The kitchen is a mess, you now have to transition into your third change of clothes for the day, as well as their fourth! Look, you missed a bit of sauce on the underside of the dining lamp shade…..how the hell did that get there? Perhaps most importantly is the copious amount of food that ends up wasted. ..Every day feels like a conveyor belt from fridge to bin, just watching quality food – and dollars, slip straight through your hands and into landfill.
But as parents that’s just what is done right? Provide the best possible food at appropriate intervals and pray that some of it makes its way into those hungry little tummies of theirs. If the plate comes back empty, we do a little happy dance….and then start the cleanup! If not, then acknowledge a battle well fought, lament your losses, start the decontamination process and prepare for dinner. Oh and lets not forget the wastage.
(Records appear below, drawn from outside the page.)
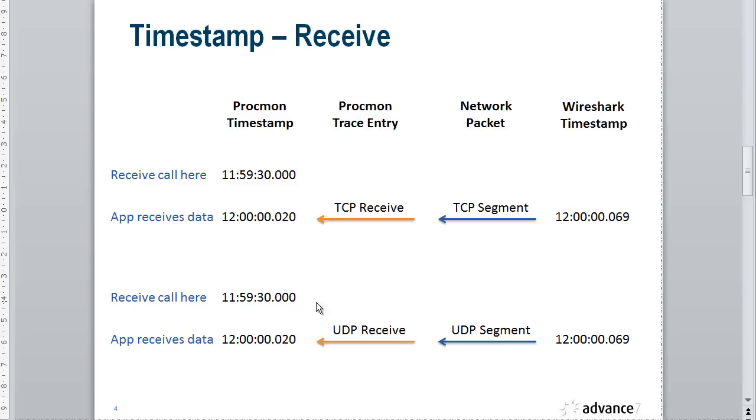With UDP receive, we issue the receive call, just the same scenario as TCP receive.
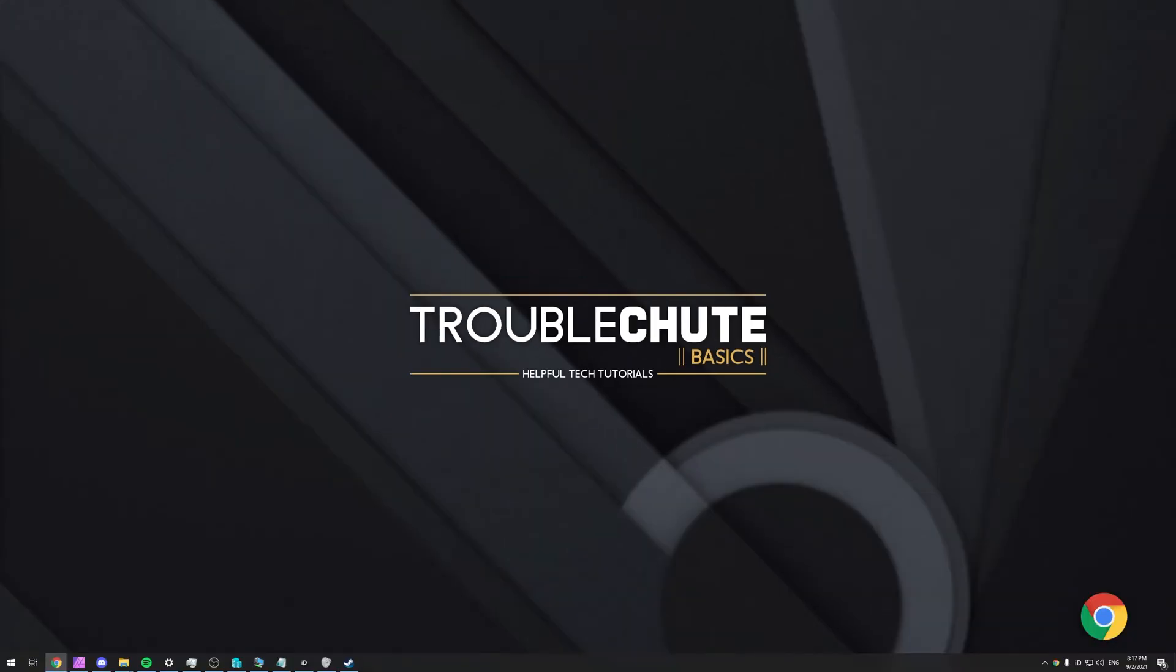That's about it. Thank you for watching, my name's been TechNumber here for Troubleshoot, and I'll see you all next time. Ciao!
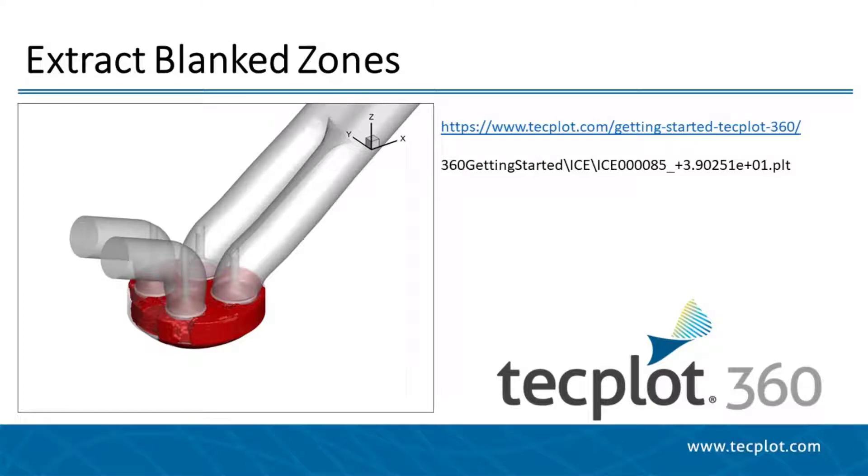In this tutorial, we are going to use the Extract Blanked Zones tool to create a subzone which represents the volume above 2,000 degrees Celsius within an internal combustion engine.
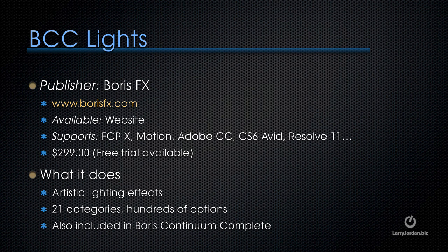There's two ways that you can buy this. One is the entire package called Boris Continuum Complete for about $999. Or you can buy modules from within it. I've talked about other modules, like their image repair module the last webinar. Here, I want to talk about one called Lights. It's $299, and it consists of 21 categories and hundreds of options creating artistic lighting effects for your clips. So you can either get the module, BCC Lights, or get Boris Continuum Complete.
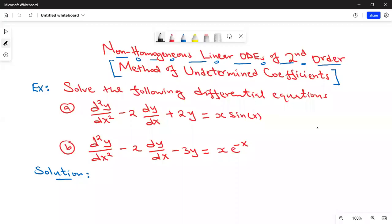Hello everyone. Welcome back to this online class. Today we are going to look at how to solve non-homogeneous linear ODEs of the second order. In particular, we are going to look at the method of undetermined coefficients.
How about we shake things up a bit? Bend the rules a little. Let our hair down……ok enough cliches. Seriously though, all of us parents work our bums off to look after our loved ones, and we deserve to chalk up a few wins occasionally. And feel damn good about it too!
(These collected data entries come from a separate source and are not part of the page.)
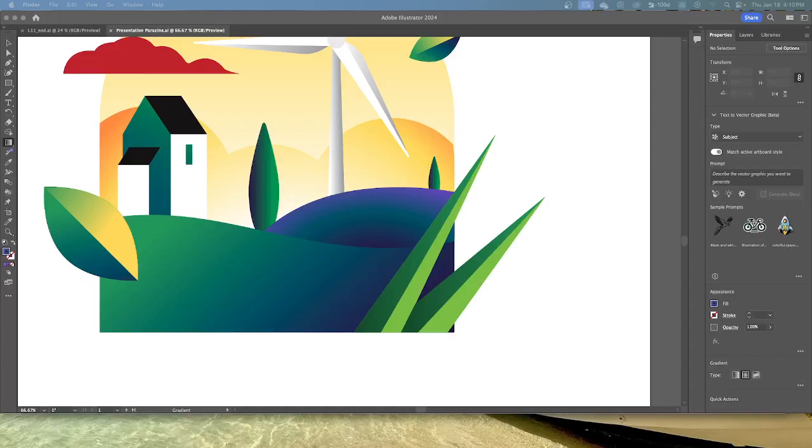We are now going to apply gradients to multiple objects. You can apply a gradient to multiple objects by selecting all the objects, applying a gradient color, and then dragging across the objects with the gradient tool to unify them.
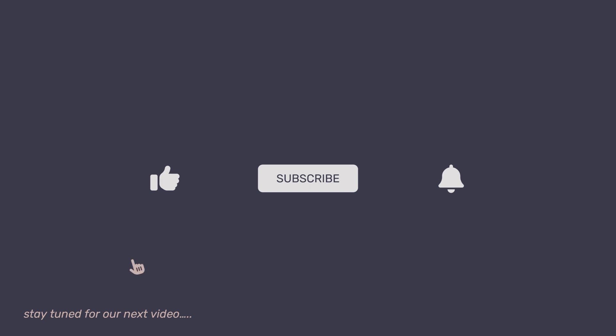If you found this video helpful, please give it a like, subscribe to the channel and hit the bell icon so you don't miss out on our upcoming tutorials. Thank you for watching.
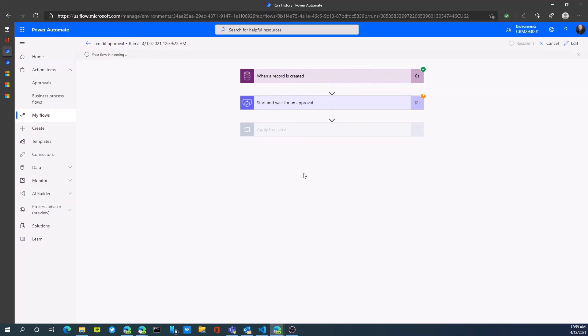To learn more about approvals and working with Power Automate, please contact us at Profit by visiting us at www.profit.ca. Thank you.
Below are a few very basic tips to help you and your fussy little one change the way meal times are perceived in your house.
- Talk about food outside of designated meal times: Try discussing food and cooking as part of your daily interaction with your children. Depending on their age you can talk about things like how food is grown, how it ends up on their plate and how it affects their body. For the younger ones try some flashcards with pictures of fruit and veggies. Don’t switch it off once dinner arrives through. Get them thinking about food from different perspectives.
- Keep grazing to a minimum: How often do we here “oh my child is a grazer”. If you keep putting put food in front of them all day, of course they are going to eat it. So when it comes to dinner time and a barely touched plate, they genuinely just might not be hungry. If you want the plate empty at night, have a go at restraining from the snacks throughout the day. This goes for flavoured liquids as well. Yes its hard, but hey, so is the alternative.
- Change the setting: Routines are obviously a necessary part of raising children. There’s no denying that. But that doesn’t mean we can’t change things up occasionally. How about trying a change of scenery for your next meal? If the weather’s fine, take lunch outside and have picnic. Have dinner under the table instead of on top! Your fussy eater will be so stoked that you are creating something fun for them, the trauma of eating yucky dinner will be a complete afterthought.
- Don’t overload them with a particular food just because you want them to eat it: If there was a food you particularly didn’t enjoy, what would be worse than seeing a big pile of it served to for lunch and then again on your dinner plate. (I was imagining the Jaws theme whilst writing that!). Kids are the same. Don’t force food on them just because it’s healthy. Certainly persist, but offer small servings on alternate days. Incorporate items in different flavour combinations. And don’t forget to talk about it with them.
With a few tweaks and hacks to the daily routine, meal times will become a more pleasurable and less frustrating experience for you and your fussy eater. After all, we gotta do this every day. Oh and let’s not forget about the wastage.